Crosswalk laws lack enforcement

I don’t know about you, but I get tired of either waiting at a crosswalk to cross because drivers will not follow the law or almost being run over by drivers that look through you as if you don’t exist.

Clarion’s population rides heavily on the university’s enrollment numbers. Clarion University students are “residents” of the town during the academic year (and sometimes the summer if said students stick around). Due to these points, I feel that there needs to be active enforcement of Pennsylvania Title 75 Section 3542 (a) regarding pedestrian and vehicle interaction. This section reads as follows:

“At non-controlled intersections, vehicles shall yield the right-of-way to pedestrians in a marked or unmarked crosswalk.”
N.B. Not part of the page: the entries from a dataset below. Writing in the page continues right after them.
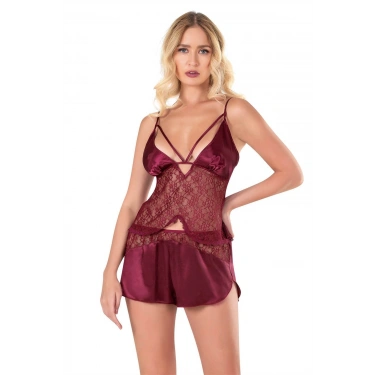 Bordo Saten Babydoll Şort Takımı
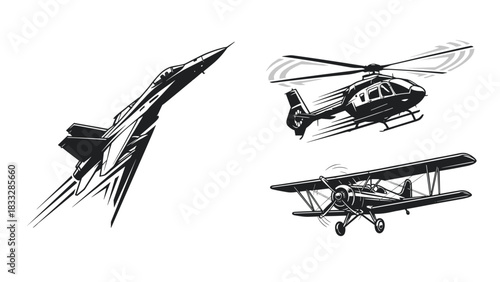 Three black and white illustrations of aircraft in motion: a modern fighter jet, a helicopter, and a vintage biplane.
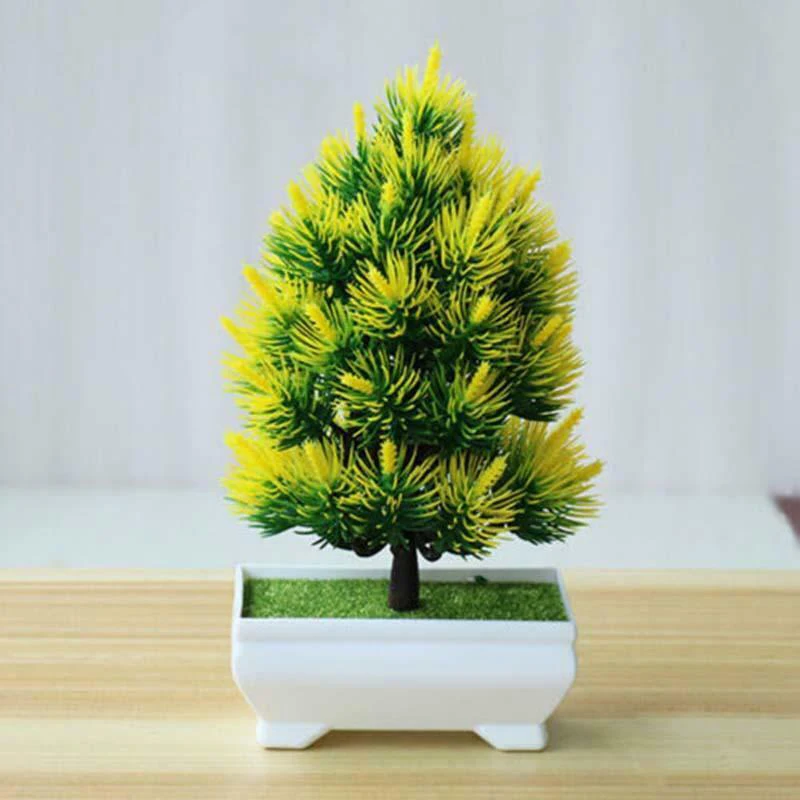 1* искусственное растение пластиковое мини бонсай-сосна дерево в горшке офис Домашний декор комнаты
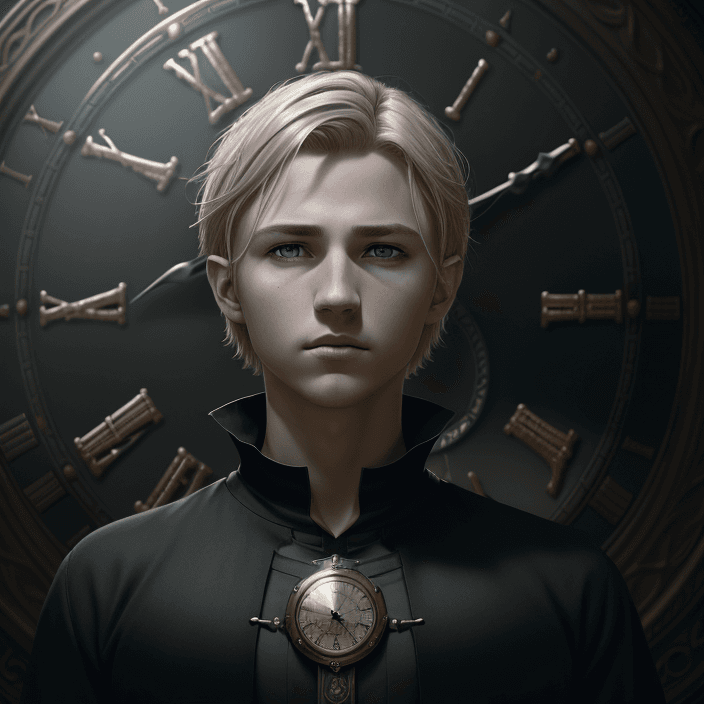 AI generated: portrait of a young wizard with short blond hair, gray eyes and a black shirt on the background of a...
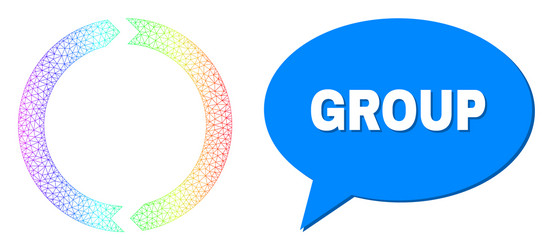 rainbow network gradient rotation icon and group vector image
This means anywhere there is a crosswalk on Greenville Avenue (regardless of whether the white lines for said crosswalks are painted on the roadway or not– since the pavers did not get around to painting the lines right after they were done paving), cars are required by law to stop for any and all pedestrians in any of the crosswalks. I use Greenville Avenue as an example because I was almost struck by an older man in a pickup truck a few weeks ago; he waved at me, but never slowed down. Any and all streets that run through campus are included in this law, as are all intersections in town and any other town in the state of Pennsylvania. The penalty for drivers who do not abide by this law is a fine of $50 (plus any extra costs involved) and two points added to their driver’s license. But how does this law (and others) get enforced so that the dangers of invisibility stop?

Many towns in the area (including mine) have signs that are placed in the middle of the intersections on the double yellow lines stating, “State Law Stop for [picture of pedestrian] within Crosswalk.” These signs range in price from $69.95 to $520.75 on the internet in just the quick search I did on Bing.com. I would think that grants may be available for universities to be able to purchase some of these signs for the safety of their students. The first place I would try looking is here.
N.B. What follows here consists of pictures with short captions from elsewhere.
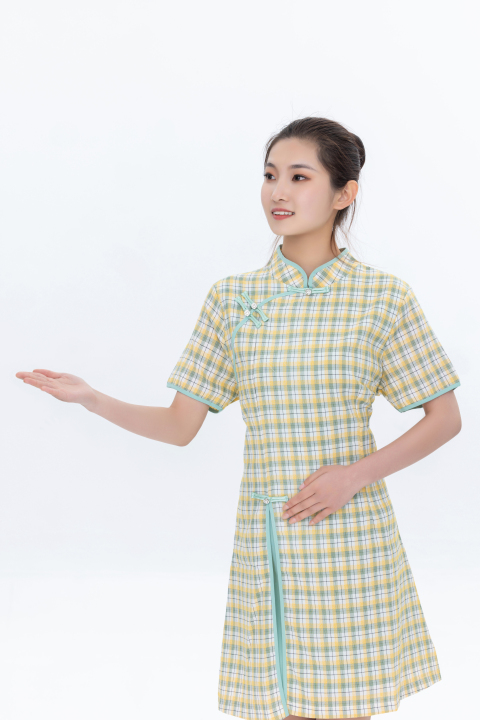 左手邀请侧身礼仪高清图版权图片下载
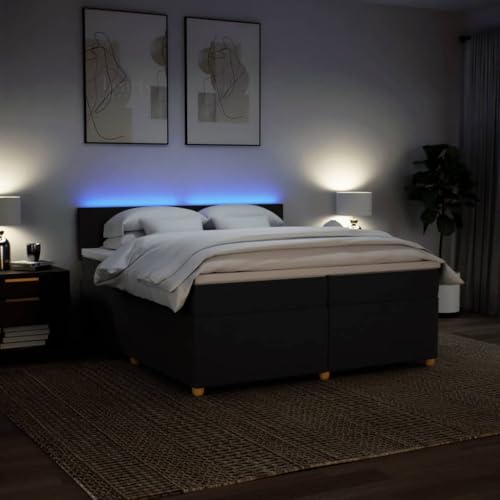 IKAYAA Boxspringbett 200 x 200 cm mit Matratze, LED Beleuchtung, Topper & Kopfteil, Bett mit Matratze und Lattenrost 200 x 200 cm Polsterbett 200 x 200 cm mit Matratze Schwarz IKAYAA Boxspringbett 200 x 200 cm mit Matratze, LED Beleuchtung, Topper & Kopfteil, Bett mit Matratze und Lattenrost 200 x 200 cm Polsterbett 200 x 200 cm mit Matratze Schwarz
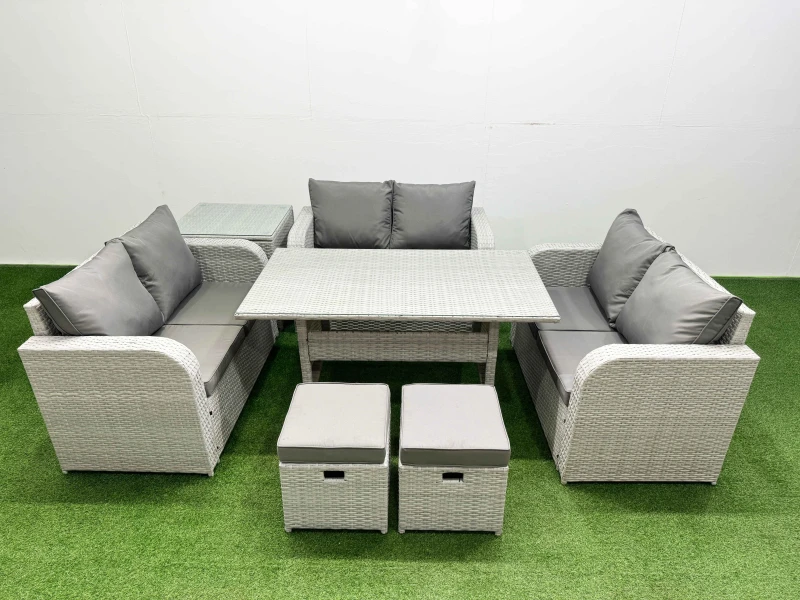Image of Fimous 8 Seater PE Wicker Rattan Furniture Sofa Sets with Rectangular Dining Table 2 Seater Love Sofa 2 Stool Side Table Light Grey Light Grey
Another way that would wake drivers up to this law is the enforcement by University police and Borough police. Having these two departments monitor the busier intersections on the busier streets that coincide with the university, and the issuance of warnings to start with to drivers who are clearly in violation (this includes university students), I feel would send a message to the community that students (and other pedestrians) aren’t standing at the crosswalk because there isn’t anything better to do; we are waiting for our right-of-way that we have yet to find.